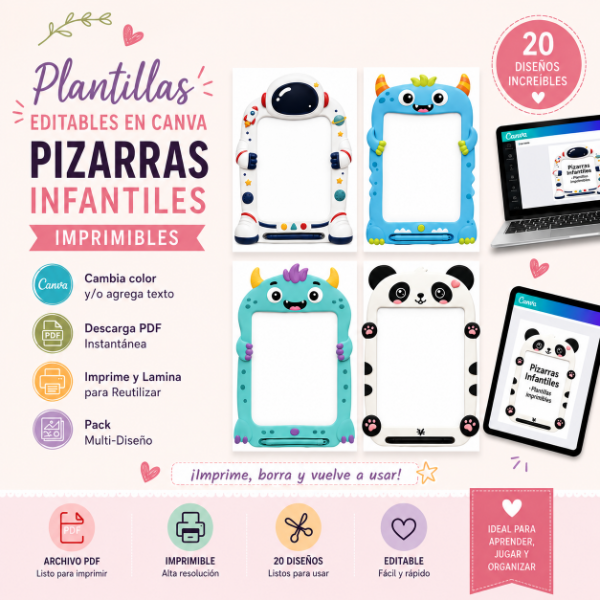 Producto - PIZARRAS INFANTILES IMPRIMIBLES Y EDITABLES - 20 DISEÑOS DIFERENTES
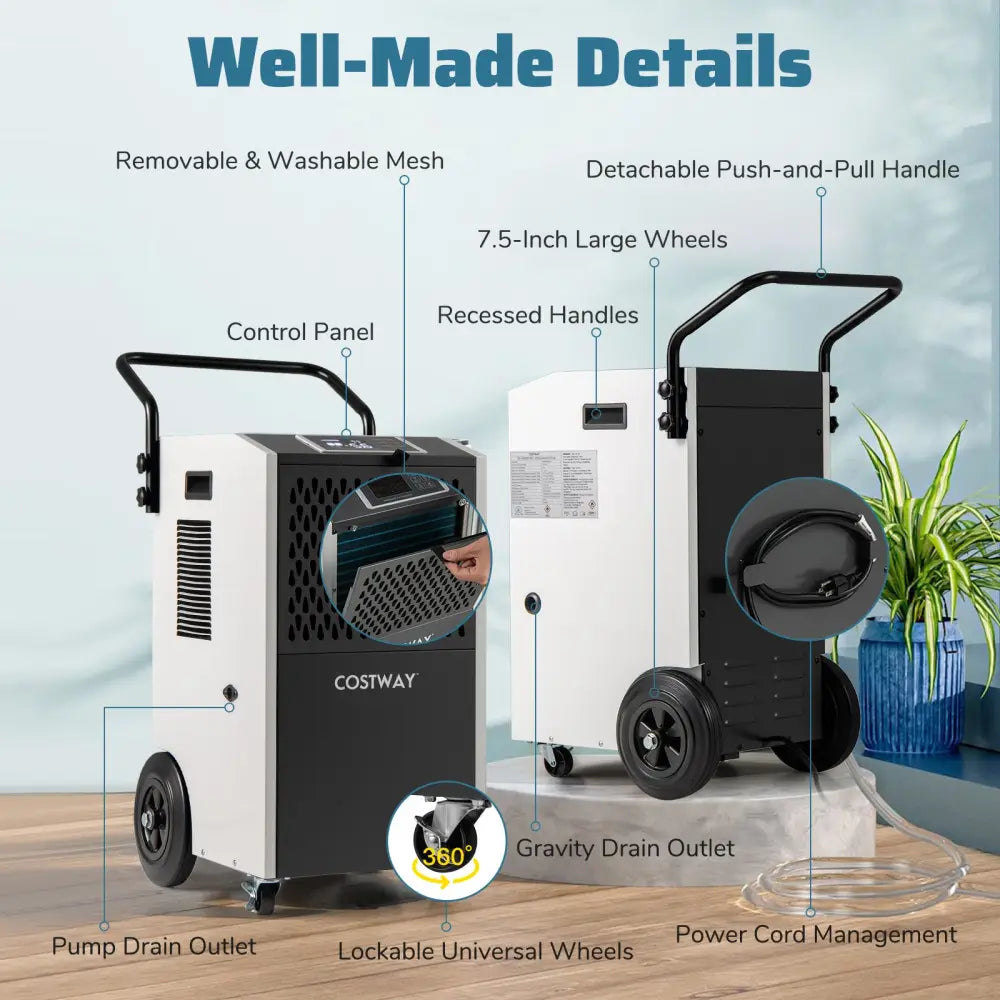 154 Pints Commercial Dehumidifier with Pump and Drain Hoses-White - White - Dehumidifiers
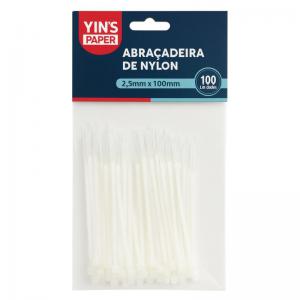 Lacre de Nylon Branco Segurança 2,5Mm X 100Mm Pacote com 100 Unidades Yins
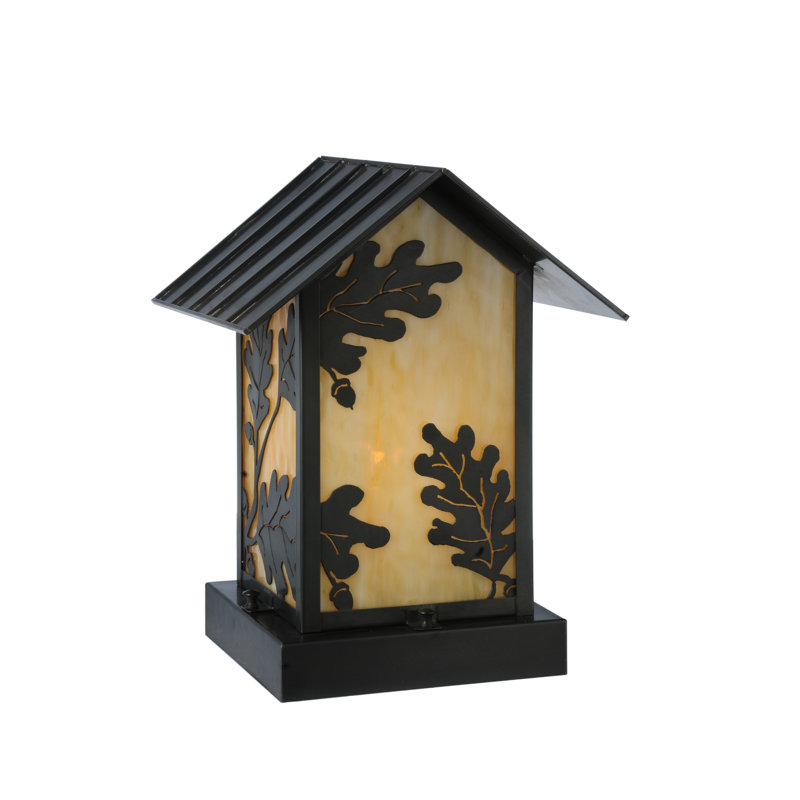 Luminaire à fixation sur pilier câblé 1 lumière Seneca Brown H 13,5 "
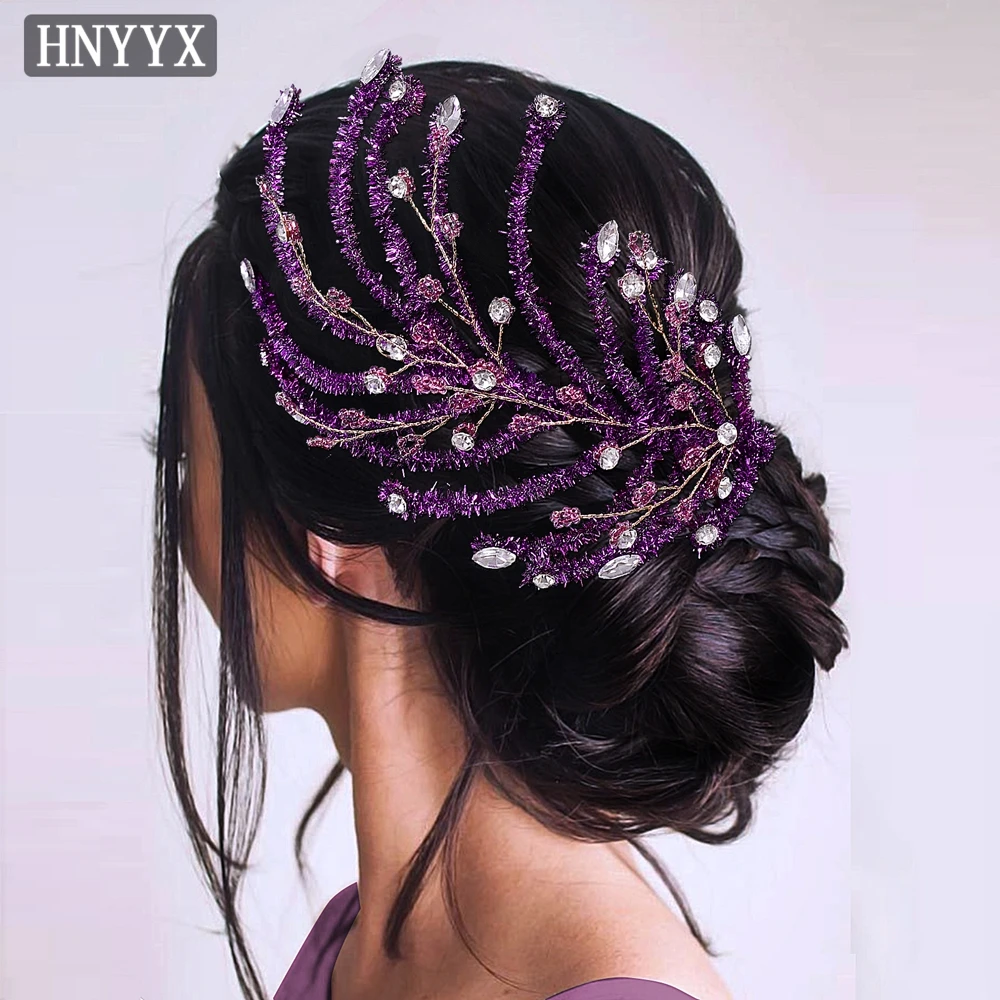 

HNYYX Purple Feather Headpiece Handmade Chenille Stem Headdress Elegant Ladies Headwear Banquet Wedding Hair Accessories A376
++++++++
__What you will do__
Reproduce the data above in full, exactly as it is, with the pictures left out.

__Result for this task__
 Producto - PIZARRAS INFANTILES IMPRIMIBLES Y EDITABLES - 20 DISEÑOS DIFERENTES
 154 Pints Commercial Dehumidifier with Pump and Drain Hoses-White - White - Dehumidifiers
 Lacre de Nylon Branco Segurança 2,5Mm X 100Mm Pacote com 100 Unidades Yins
 Luminaire à fixation sur pilier câblé 1 lumière Seneca Brown H 13,5 "

HNYYX Purple Feather Headpiece Handmade Chenille Stem Headdress Elegant Ladies Headwear Banquet Wedding Hair Accessories A376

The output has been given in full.